Doubront determined to take his game up a notch

Gearing up for second full big league season, lefty pitching with more confidence

Doubront determined to take his game up a notch

TAMPA, Fla. -- In a starting rotation that includes four accomplished veterans, Felix Doubront is still the relatively unknown fifth piece for the Red Sox.

But that's not necessarily a bad thing. There's a chance the 25-year-old lefty can put himself into a far more prominent position.
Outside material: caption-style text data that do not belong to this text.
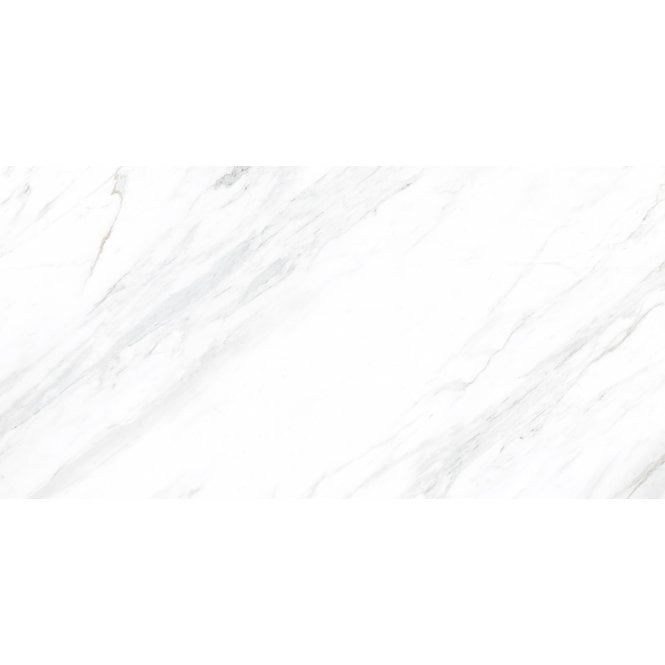 Carrara Classico Polished 30cm x 60cm Wall and Floor Tile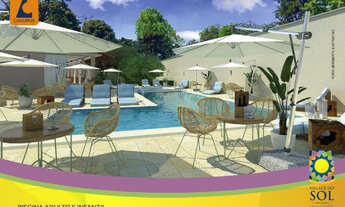 Imagem 5: Village do Sol Residence, com dois quartos na forquilha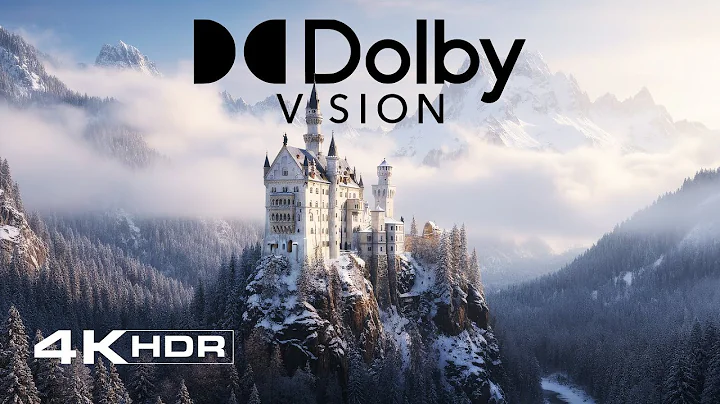 4K HDR Dolby Vision 60FPS - OLED vs MicroLED vs MinLED Black Level Test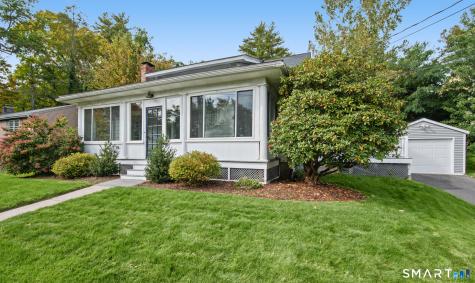 71 Everett Avenue West Hartford CT 06107
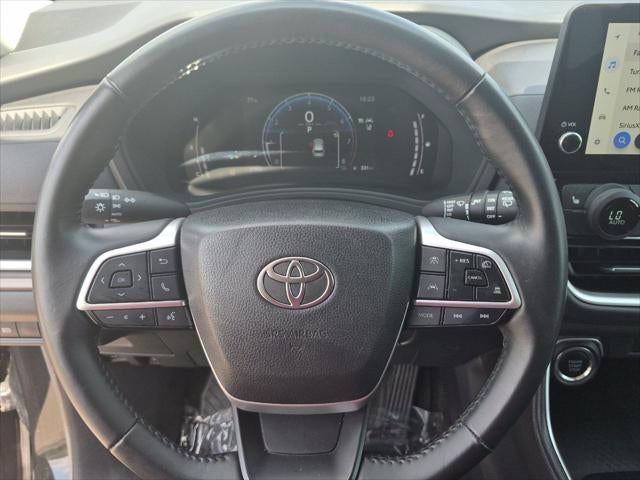 2025 Toyota Highlander XLE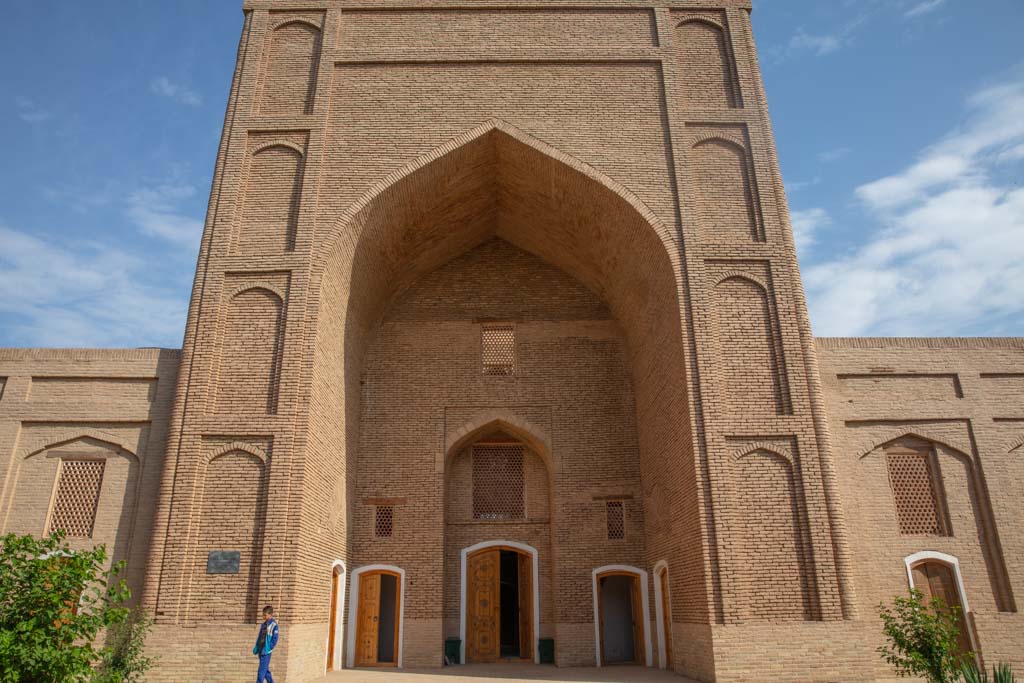 Kokildor Khanaka, Termez, Uzbekistan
He certainly doesn't lack in the talent department.

"I think we internally are all in agreement -- he's got as much talent as anybody in our rotation," said manager John Farrell. "And there's work to be done to strive for consistency, whether it's game to game or inning to inning or just finishing off hitters in a more efficient manner. That's not because of a lack of attempt or trying. It's just his further maturing as a pitcher."

Last year, Doubront pitched a professional-high 161 innings for the Red Sox, his first full season in a Major League starting rotation. He started strong and faltered a bit down the stretch, notching an 11-10 record and a 4.86 ERA.

With the Red Sox out of contention, it was the perfect environment for Doubront to be able to learn on the fly and take some lumps along the way.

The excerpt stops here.